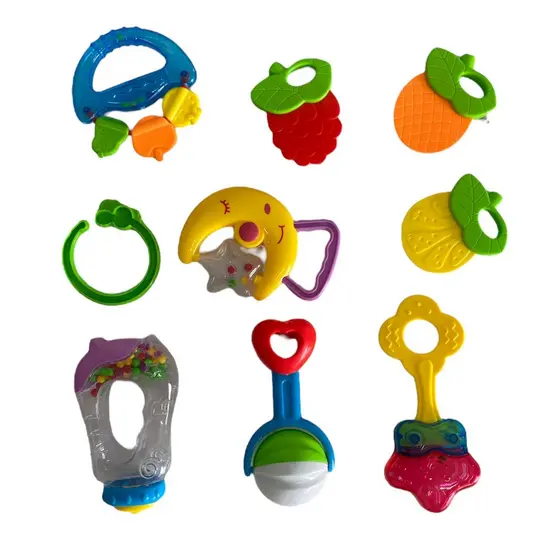 Kit 9 Chocalho E Mordedor Infantil Para Criança Seguro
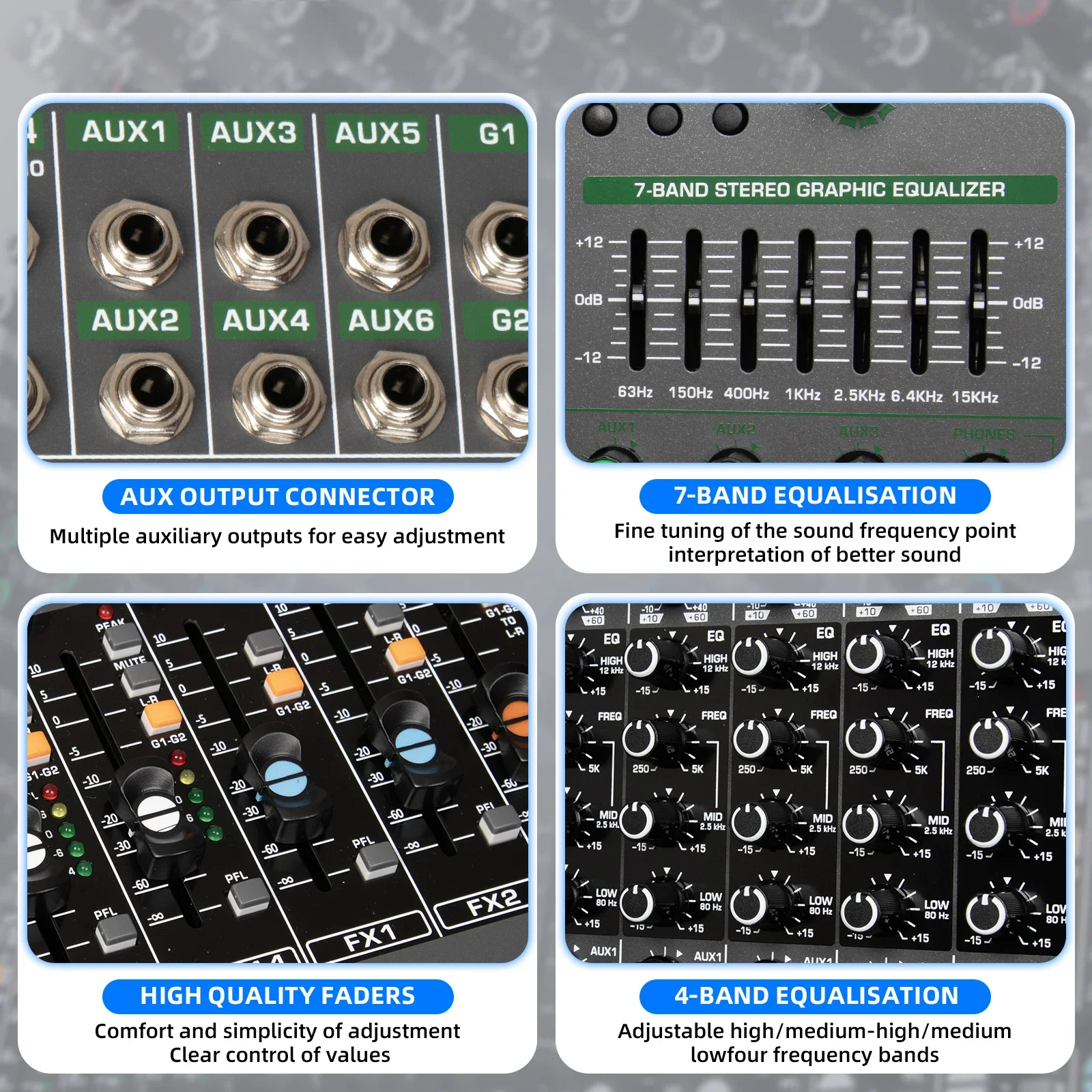 Biner Professional TG10 99-effect DSP Audio Console Mixer 10 Channel USB Interface Audio Console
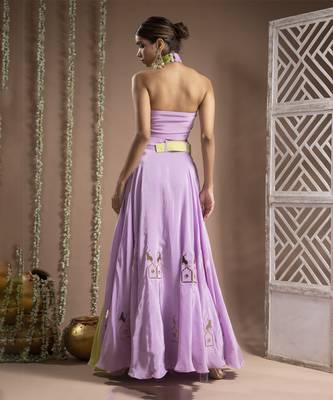 Green Lilac Indo Lehenga With Belt (Set Of 2) 3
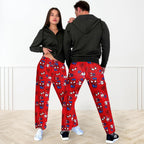 Anime Pajamas for Women Men Cartoon Cat Unisex Couple All Over Print Bottoms Sleep Pajama Pants Christmas Valentine Gifts Red M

* [Task requirements]: Return only what lies between the line containing "Green Lilac Indo" and the last line of the listing, those two lines included, exactly as written and with no pictures.

* [Answer box]:
 Green Lilac Indo Lehenga With Belt (Set Of 2) 3
 Anime Pajamas for Women Men Cartoon Cat Unisex Couple All Over Print Bottoms Sleep Pajama Pants Christmas Valentine Gifts Red M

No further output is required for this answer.